The type of substance, the amount used, the duration of use, and whether the person has any underlying vulnerability all influence how quickly the episode clears. A single bad reaction to a hallucinogen might resolve in hours or days, while psychosis triggered by months of daily methamphetamine use can take much longer to fade.
The Risk of Developing a Lasting Condition
One of the most important findings in this area is that substance-induced psychosis sometimes marks the beginning of a longer-term psychiatric disorder. A large study tracking patients over six years found that 27.6% of people initially diagnosed with substance-induced psychosis later transitioned to a diagnosis of schizophrenia spectrum disorder. That means roughly 1 in 4 people who experience drug-induced psychosis eventually develop a chronic psychotic condition.
This doesn’t necessarily mean the drug “caused” schizophrenia. In many cases, the substance likely unmasked a vulnerability that was already present. But the statistic underscores why a single psychotic episode, even one clearly tied to drug use, warrants careful follow-up rather than dismissal.
How It’s Treated
The first priority is safety, both the person’s and those around them. Clinicians rule out medical emergencies, identify what substance is involved, and manage any acute intoxication or withdrawal. During the episode, the environment is kept calm and low-stimulation when possible.
Antipsychotic medications may be used in the short term to control symptoms like severe agitation, paranoia, or hallucinations. These are typically tapered off gradually once the person stabilizes, unlike in schizophrenia where long-term medication is often necessary.

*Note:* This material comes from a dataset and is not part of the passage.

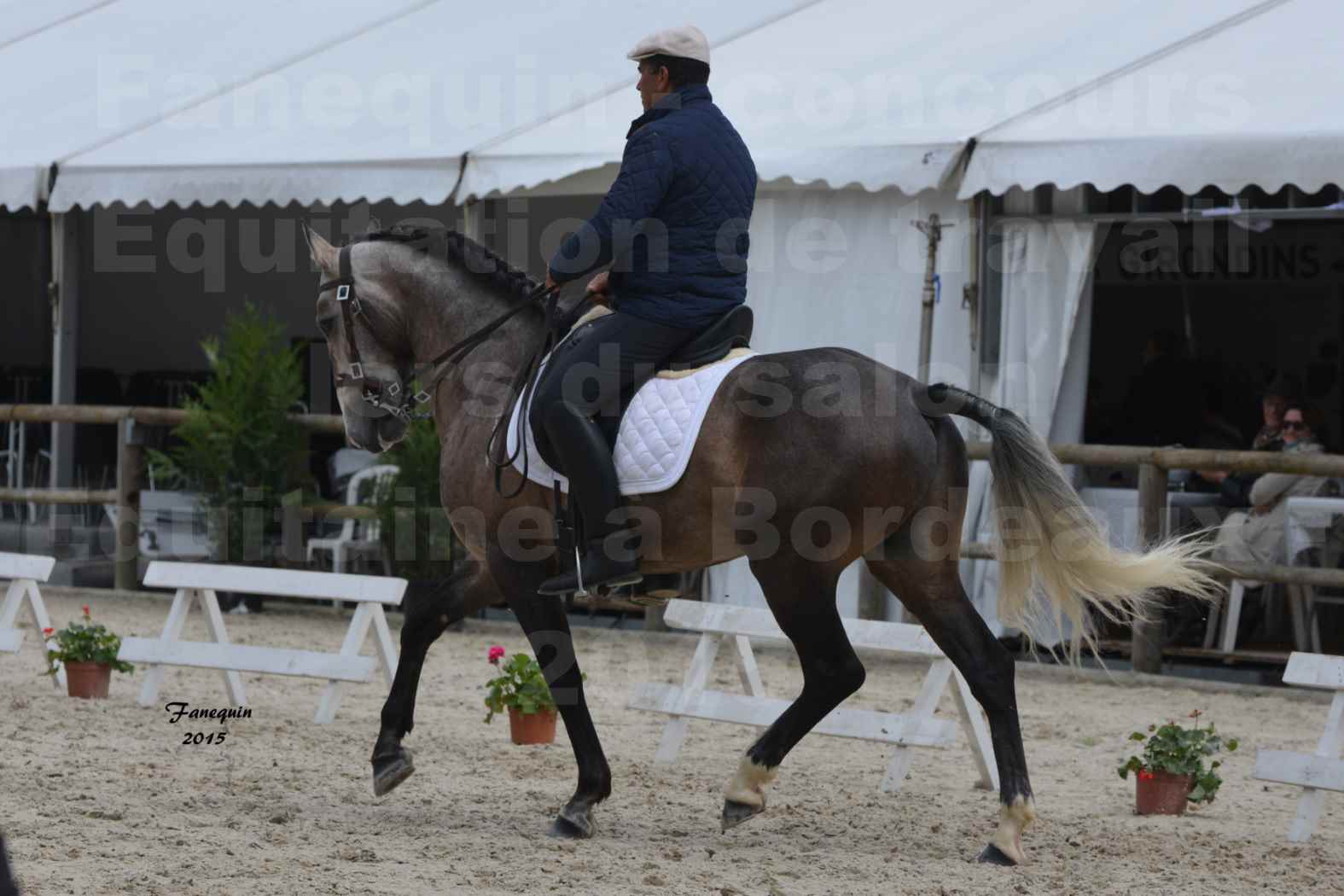 Salon Equitaine de Bordeaux 2015 - Concours d'Equitation de Travail avec chevaux Ibériques - L - 01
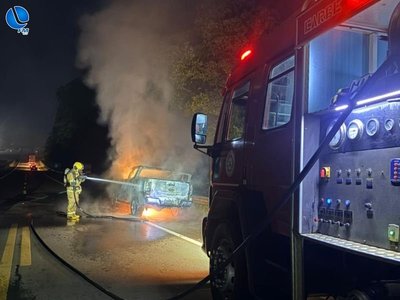Incêndio destrói caminhonete argentina na BR-285 em Lagoa Vermelha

The more consequential part of treatment is what comes after the acute episode. Because continued substance use dramatically increases the chance of another episode or transition to a chronic disorder, relapse prevention is central to long-term management. This includes both therapeutic approaches like counseling and behavioral strategies, and in some cases, medication to support sobriety. The clearest way to prevent a recurrence is to stop using the substance that triggered the episode.